Paresh C. PalichaParesh C. Palicha

THE LAST time the city witnessed an English play was Rajat Kapur's, `Love Letters', which was a good five years ago. So a lot was expected from Mahesh Dattani's `Dance like a Man', which was staged in the city recently. And, though it did not rise to great heights, the play surely did leave an impression.

Lillette Dubey's production for Primetime Theatre, brought to the city in aid of Raksha, a society for the care of children with multiple handicaps, is a humorous play with complex undertones. It talks about an aging dancer couple, Jairaj Parekh and Ratna, who are on the verge of launching their daughter Lata's career in big time dancing. As the anxiety and stress of facing the big day increases, their tumultuous and somewhat dark past starts surfacing. The calm and funny exterior cracks, revealing the demons that they had swept under the carpet all these years.

Dattani has a reputation of being a playwright who attempts to hold a mirror to society. His plays bring to fore the absurdities and hypocrisies of the society. This play is in the same league. It questions the gender specific roles assigned to man and woman by a strait jacketed society. Tensions in a multi-ethnic nuclear family of contemporary India are lucidly portrayed.

`Dance Like a Man' is a play with many layers, which can work on various levels and can be seen from different perspectives. It is a comment on the changing society of pre-Independent India with its taboos and tradition.

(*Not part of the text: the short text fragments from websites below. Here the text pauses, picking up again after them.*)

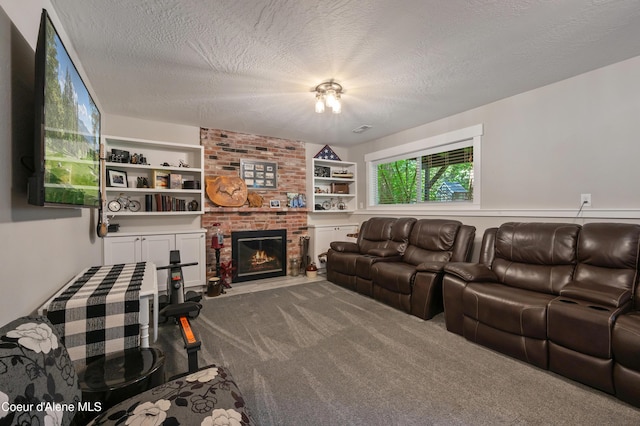 3593 W Fairway Dr, Coeur Dalene, ID 83815 - living room featuring carpet flooring, a brick fireplace, a textured ceiling, and built in features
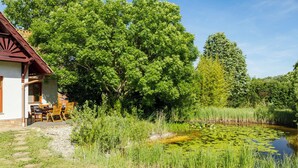 Ein rustikales Haus mit Terrasse, umgeben von üppiger Vegetation und einem Teich.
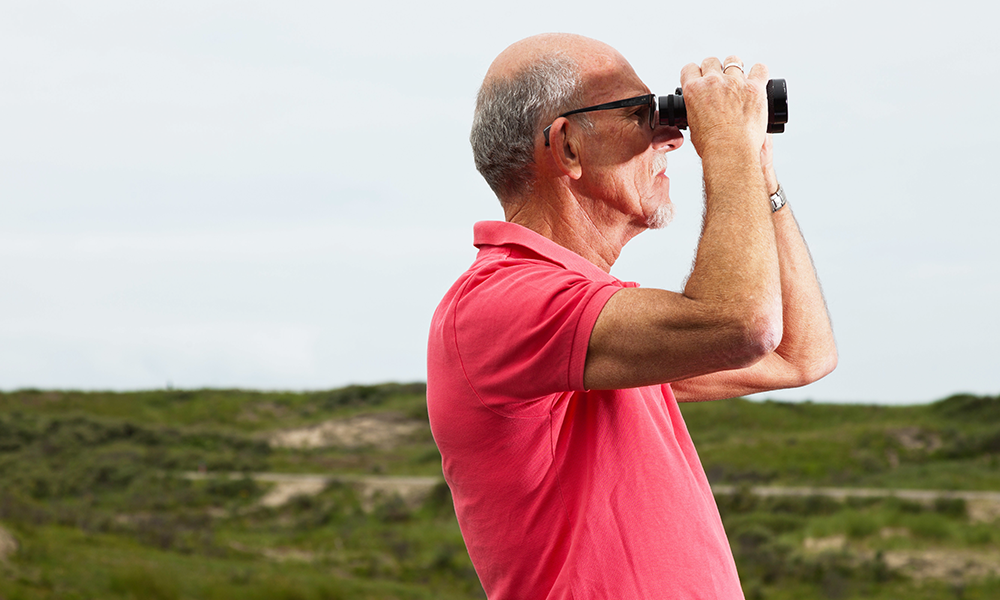 Elder man looking through binoculars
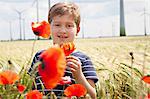 Little Boy In Field, In Background Wind Turbines, Dessau, Germany, Europe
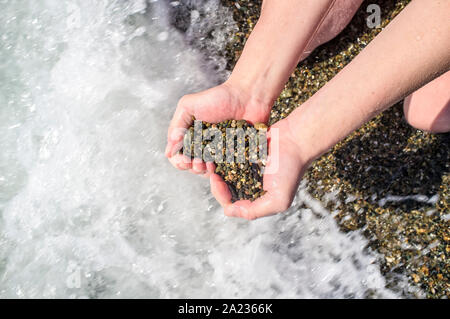 Il simbolo del cuore da pietre in una femmina di mano su uno sfondo del Mar Nero. Progettazione Concettuale. Foto Stock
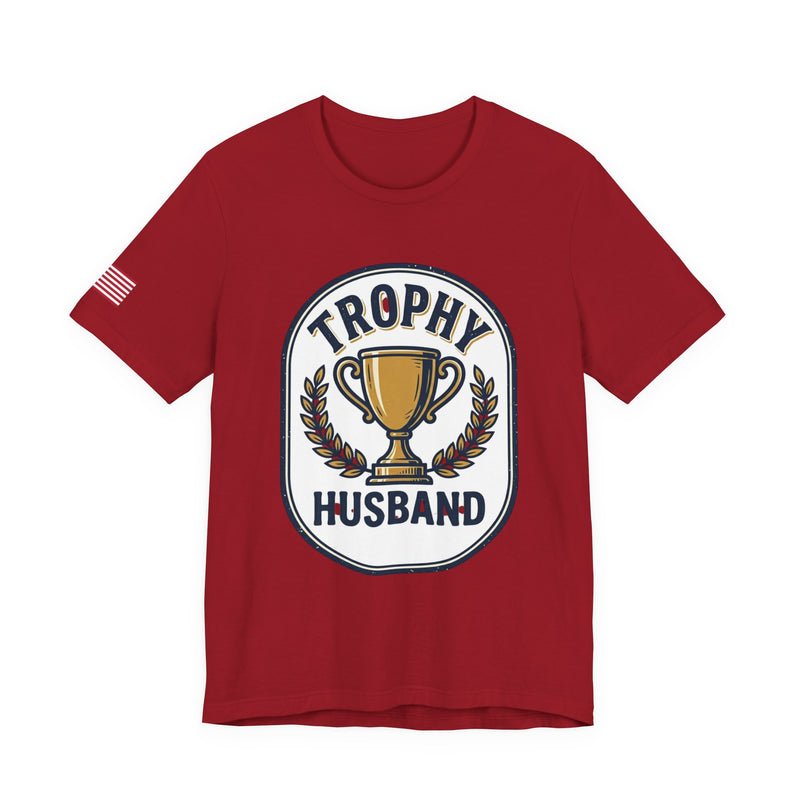 Red t-shirt with 'Trophy Husband' graphic on a white background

Lillette Dubey, who has directed the play apart from donning the pivotal role, has treated the text in a very straightforward manner. Though dwelling on the complexities of the situations, she manages to keep the rich humour intact.

The cast of seasoned artistes like Lillette Dubey, Vijay Crishna (recently seen in the role of Shah Rukh Khan's father in `Devdas'), Suchitra Pillai, and Joy Sengupta (seen in numerous films and television serials, including Govind Nihalani's forthcoming film `Deham') gave the play its cutting edge.

Suchitra Pillai (Lata) and Joy Sengupta (Viswas), showed immense prowess, especially in the flashback sequences, where they double up as the younger versions of Ratna and Jairaj.

In fact, all the four characters double up as each other's younger or older version as the play moves to and fro between time and space.

The unsaid emotions are voiced subtly, like the jealousy Ratna feels at her daughter's success in her professional territory, Amritlal Parekh's (Jairaj's father played by Vijay Crishna) horror at the knowledge of his son's choice as a professional dancer and his relentless pressure at dissuading him from embarking on an effeminate career.

Supporting the physical and metaphorical implications of the actors' use of space was the fine lighting, sensitive music and aesthetic stage setting.

This is an English play, typically Indian, in everything, right from the sets, to the music (typical carnatic), down to witty one-liners, all in that typical Indian accent. Else it wouldn't be realistic.